Problem details »
Which lines in the records below mention the word "Long"? Copy each one out.

Start of Extracted entries

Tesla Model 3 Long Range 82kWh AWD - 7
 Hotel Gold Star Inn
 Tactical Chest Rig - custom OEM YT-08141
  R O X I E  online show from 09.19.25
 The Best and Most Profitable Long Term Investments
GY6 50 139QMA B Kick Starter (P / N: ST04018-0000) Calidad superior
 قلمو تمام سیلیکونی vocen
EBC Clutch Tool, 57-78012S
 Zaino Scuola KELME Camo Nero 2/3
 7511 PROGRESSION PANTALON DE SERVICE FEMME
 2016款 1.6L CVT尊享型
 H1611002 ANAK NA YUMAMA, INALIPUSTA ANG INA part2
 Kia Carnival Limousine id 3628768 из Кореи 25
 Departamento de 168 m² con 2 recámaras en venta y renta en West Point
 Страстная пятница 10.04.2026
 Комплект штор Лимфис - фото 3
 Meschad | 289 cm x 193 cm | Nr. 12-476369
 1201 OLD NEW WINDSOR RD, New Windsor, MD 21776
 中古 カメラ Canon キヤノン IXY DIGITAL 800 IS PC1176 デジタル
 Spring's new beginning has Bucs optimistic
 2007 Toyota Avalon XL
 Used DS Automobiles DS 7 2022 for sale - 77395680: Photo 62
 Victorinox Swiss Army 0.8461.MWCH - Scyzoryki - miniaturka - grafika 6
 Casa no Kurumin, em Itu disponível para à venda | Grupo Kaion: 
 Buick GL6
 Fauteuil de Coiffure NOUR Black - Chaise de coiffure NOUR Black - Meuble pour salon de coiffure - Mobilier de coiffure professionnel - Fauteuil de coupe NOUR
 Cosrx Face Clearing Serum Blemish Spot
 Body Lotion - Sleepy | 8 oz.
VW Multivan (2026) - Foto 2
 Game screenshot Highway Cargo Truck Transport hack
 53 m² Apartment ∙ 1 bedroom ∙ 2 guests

End of Extracted entries

Response box »
Tesla Model 3 Long Range 82kWh AWD - 7
 The Best and Most Profitable Long Term Investments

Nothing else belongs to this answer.